Education – restorative practices and programs in school/education settings, including universities. 

Criminal Justice – restorative practices and programs throughout different stages of the criminal justice system; restorative justice conferencing; victim-offender mediation; circles of support and accountability. 

Domestic, Family and Sexual Violence – restorative practices and programs in relation to domestic and family violence, sexual violence and other gender-based violence. 

Family and youth – restorative practices and programs working with families and young people; youth justice conferencing; family group conferencing/meetings; family group decision-making. 

First Nations – First Nations-led restorative practices and programs (including community mediation and peace-making services).
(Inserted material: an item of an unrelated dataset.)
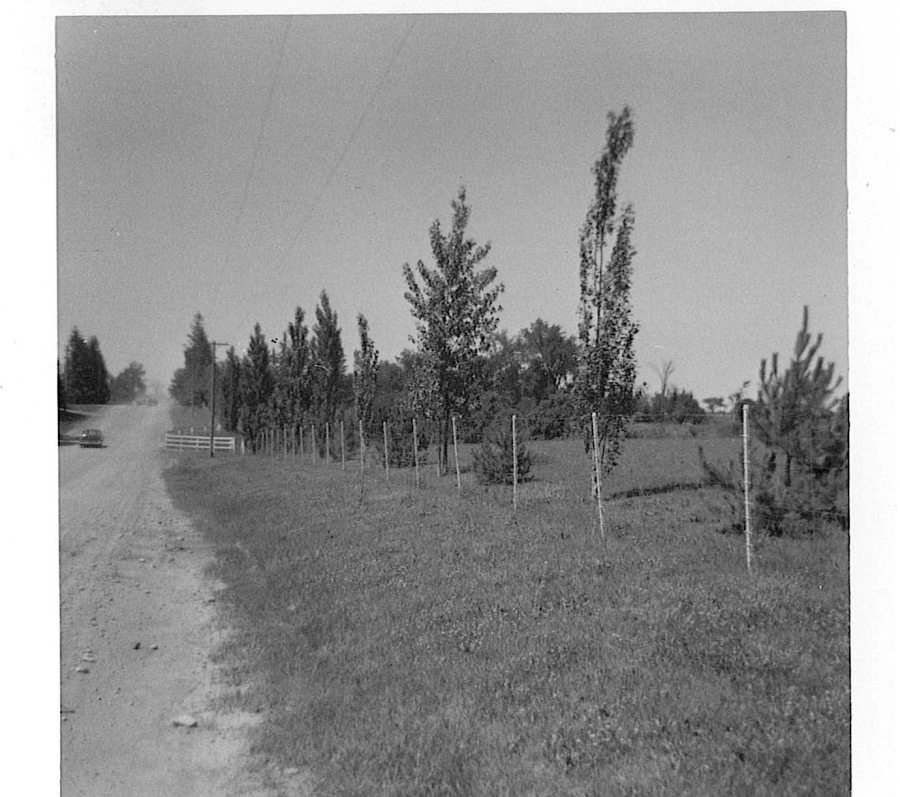 A black‑and‑white photograph of a rural roadside bordered by a dirt road on the left and a grassy field on the right. A line of young, slender trees supported by thin stakes runs parallel to the road, forming a simple fence or boundary. Additional trees and low vegetation fill the background. A car is faintly visible in the distance along the dusty road, which curves gently out of view.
Restorative approaches to responding to harms associated with colonisation. 

Redress – restorative practices and programs responding to institutional/system failures or breaches of trust; responding to historical harms. 

Organisation/workplace – restorative approaches to relationship management and conflict in workplaces and organisations. 
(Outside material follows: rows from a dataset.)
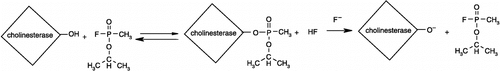 Figure 1 Scheme of fluoride-induced reactivation of sarin-inhibited cholinesterase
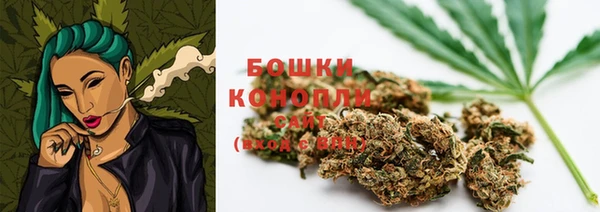 прущие грибы Верея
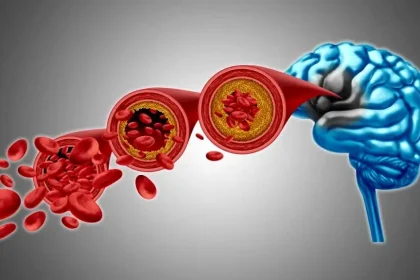 ساختار مولکولی مغز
Faith Communities – exploring the use of restorative principle and practices to develop relationally healthy cultures, and address conflict and harm in churches, mosques, synagogues, monastic and other forms of faith community. 
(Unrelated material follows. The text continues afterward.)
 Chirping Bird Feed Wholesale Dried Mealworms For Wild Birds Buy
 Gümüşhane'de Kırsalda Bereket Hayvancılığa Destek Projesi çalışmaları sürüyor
Environment – preventing and responding to environmental harms. 

Restorative Cities/Communities/Life – embedding restorative practices within institutions, structures, systems and/or communities; community-based restorative approaches. 


Day Three | Open Space Technology

On Saturday 23rd November, the Conference will use Open Space Technology to tap into the collective expertise of participants and provide an experience  of collaborative co-learning and networking.  Over the last thirty years, Open Space Technology has been used in hundreds of thousands of events across every continent to create a unique, enjoyable, highly interactive learning environment that enables burning issues and questions to be explored. Your freedom to participate at whatever level you wish will be respected.

Open Space Technology will enable conference participants to engage in learning conversations and dialogue on any aspect of Restorative Practices (RP) that they chose to explore. Topics might include:

  • Current RP projects
  • Complex case-studies
  • Questions catalysed during the first two days of the conference
  • Discipline-specific RP questions
  • Cross-discipline RP questions
  • Questions about designing and implementing restorative program  
  • Any other area of RP interest/expertise

At the beginning of the day, participants will meet in a large circle. Anyone can propose a conversation. Participants then self-organise into smaller break-out spaces, in multiple parallel sessions, to engage in conversations of personal relevance/interest. There is no limit to the number of conversations that can be convened. Towards the end of the day, there will be an opportunity for action-planning ‘next-steps’, where groups can exchange the necessary contact details  to continue conversations after the conference.

Please note that conversations in Open Space format typically evolve as small conversions groups rather than formal presentations. The self-organising nature of the Open Space means that the organisers cannot guarantee access to any particular room or provide facilities for electronic (Powerpoint) presentations.